WORK TO COMPLETE: Please print exactly the lines below, from the start of the material up to and including the line with "Apple Watch SE", but none of the pictures.

DATASET CONTENT:

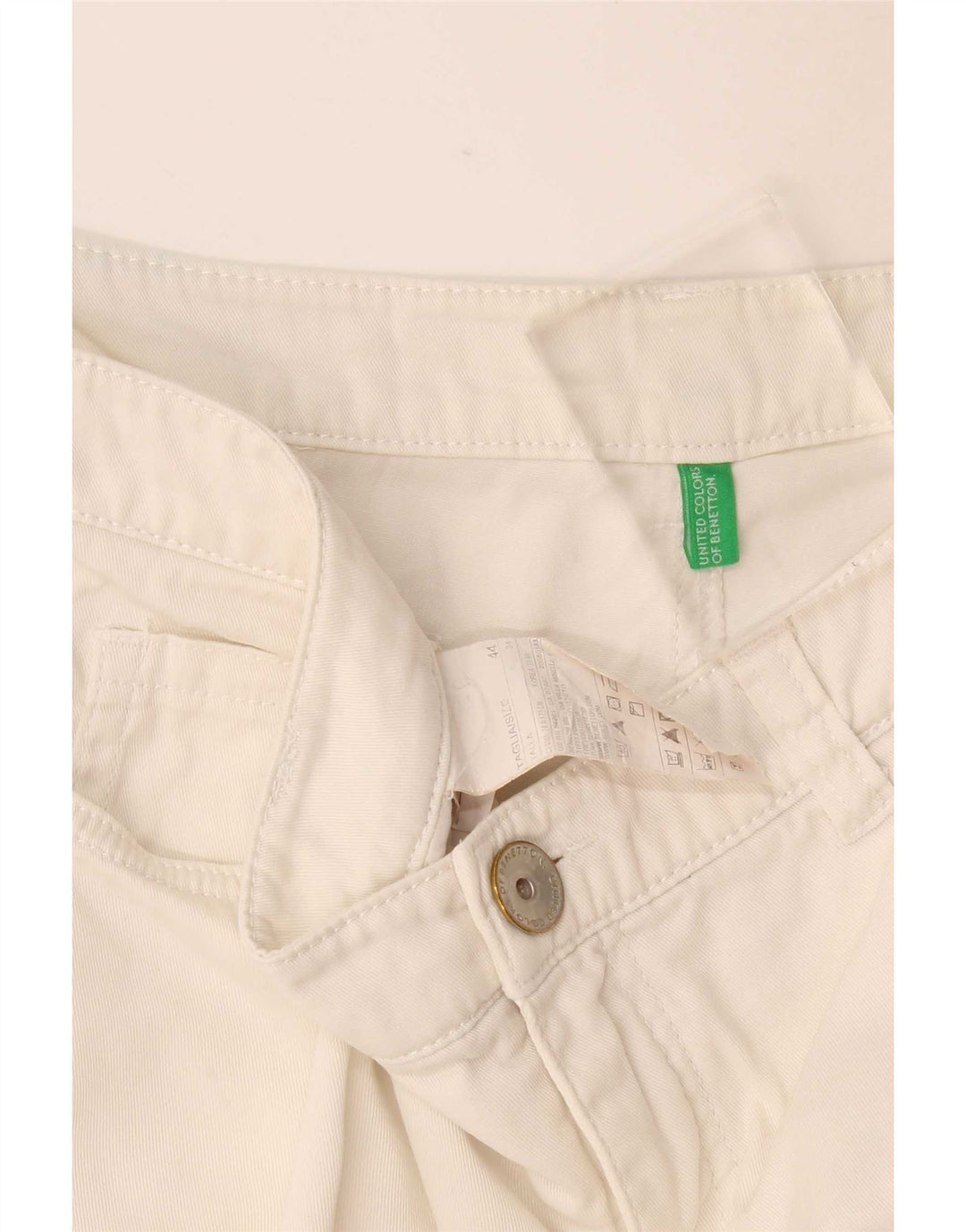 Pantalones Cortos Benetton Mujer IT 44 Medium W34 Blanco Algodón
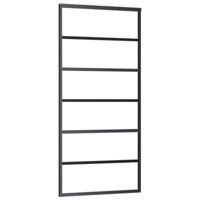 Schuifdeur 90x205 cm ESG-glas en aluminium zwart - thumbnail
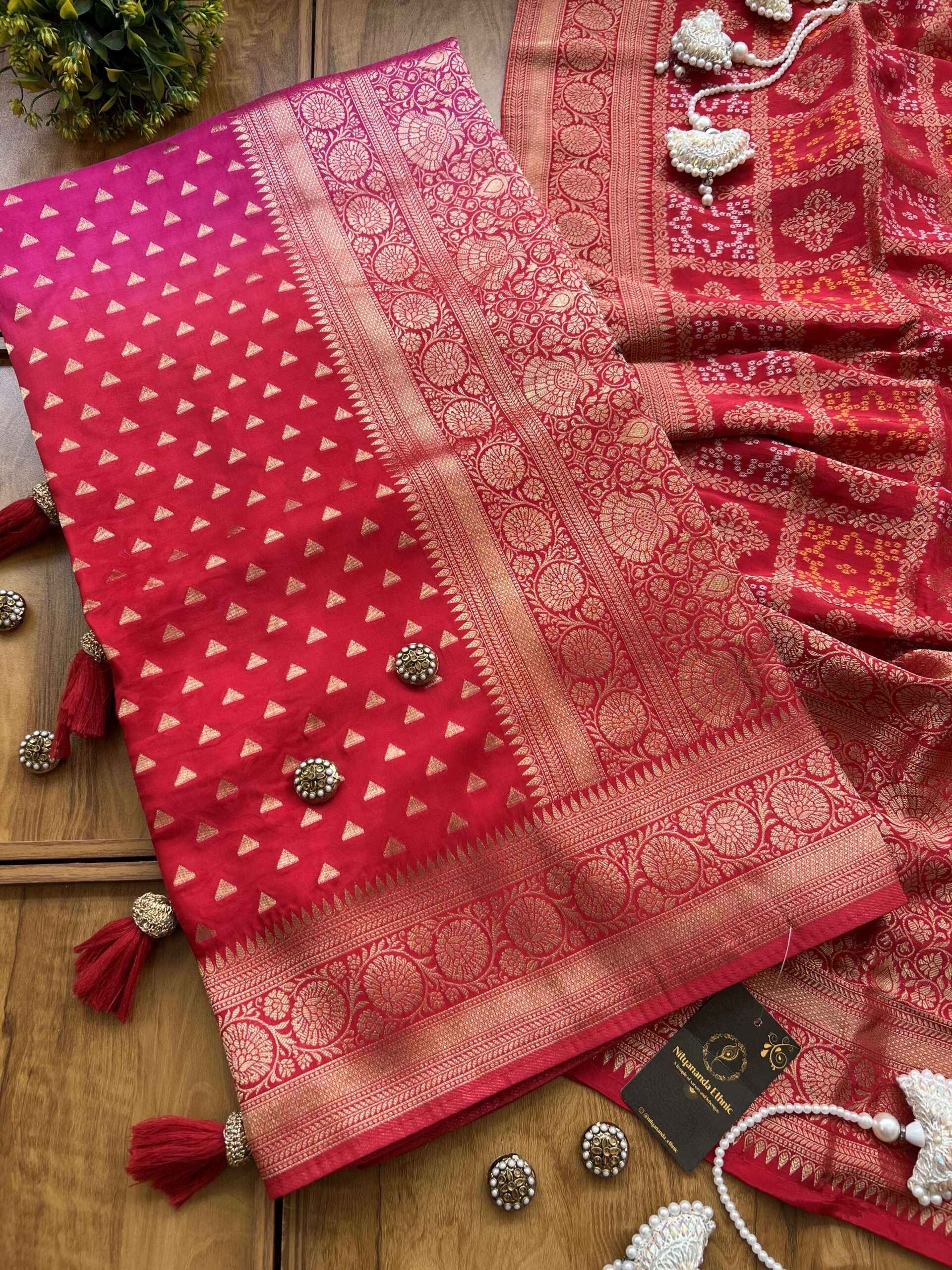 Red Rani Ombre HO Silk Saree with Bandhani Dupatta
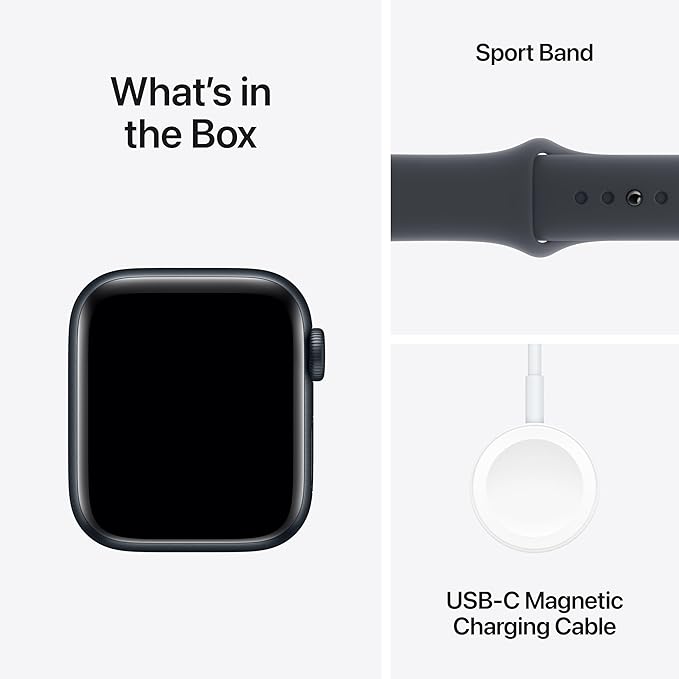 Apple Watch SE box contents including watch face, sport band, and USB-C magnetic charging cable.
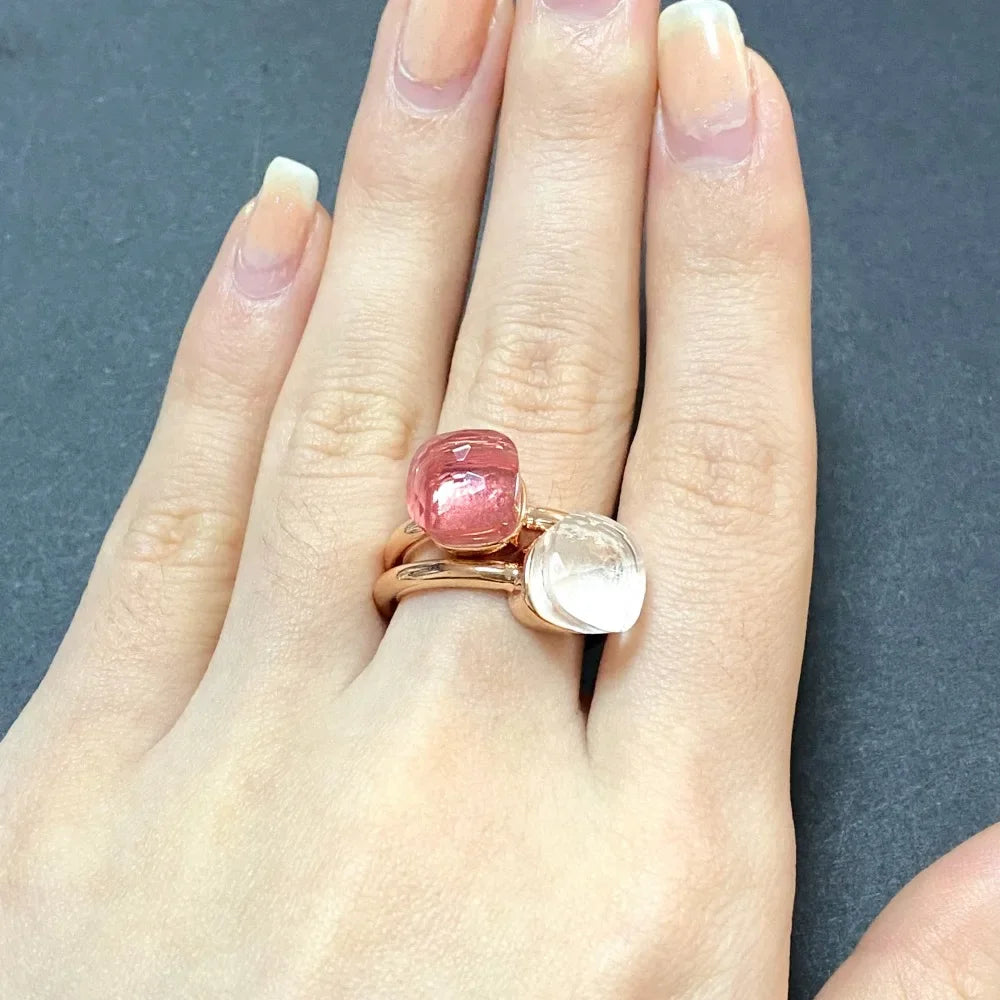 2Pcs/Set Fashion Stacked Candy Ring Women Mix Color Crystal Jewelry 30 Colors Trendy Gift for Valentine's Day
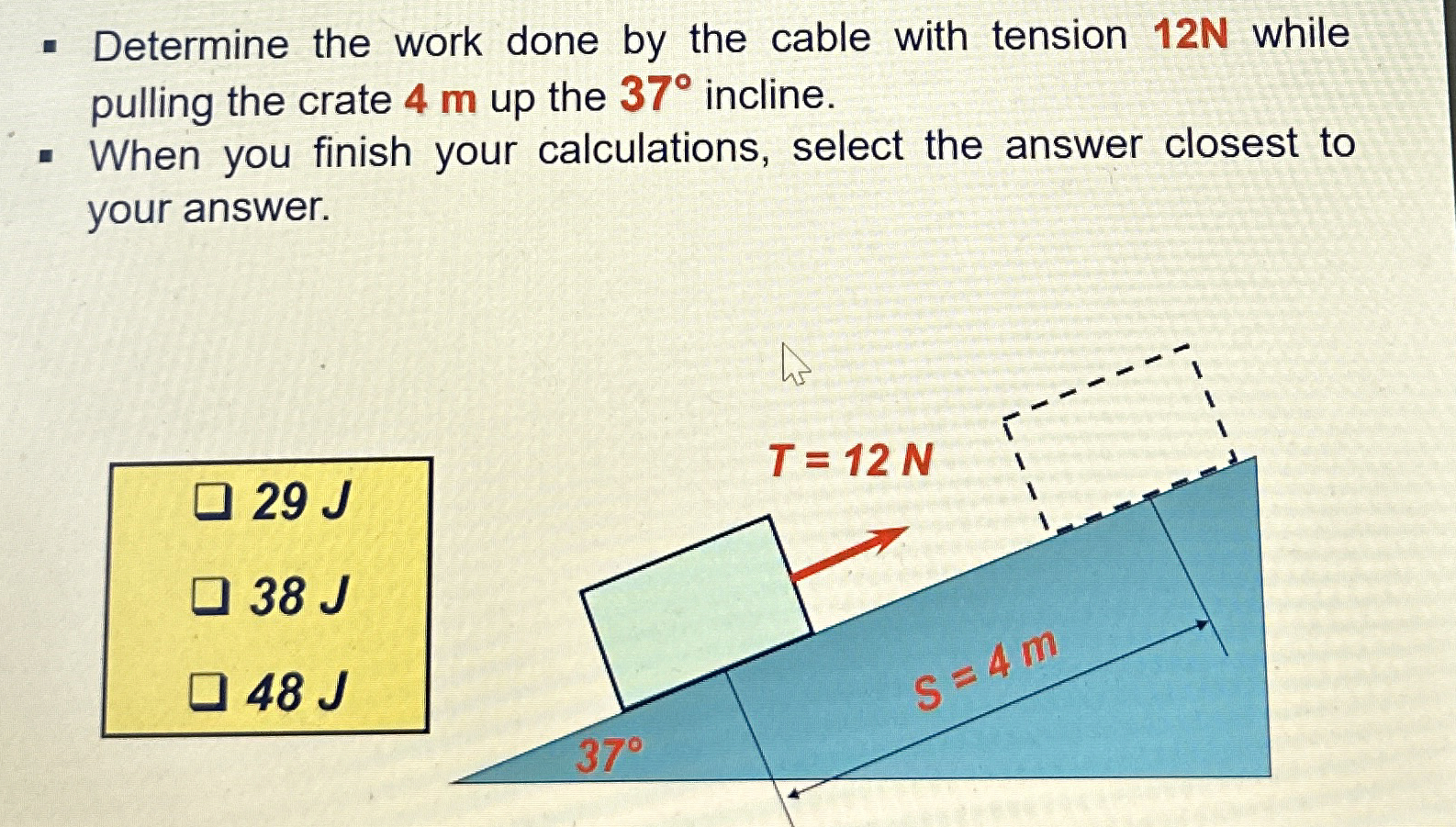 Determine the work done by the cable with tension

ANSWER TO THIS EXERCISE:
 Pantalones Cortos Benetton Mujer IT 44 Medium W34 Blanco Algodón
 Schuifdeur 90x205 cm ESG-glas en aluminium zwart - thumbnail
 Red Rani Ombre HO Silk Saree with Bandhani Dupatta
 Apple Watch SE box contents including watch face, sport band, and USB-C magnetic charging cable.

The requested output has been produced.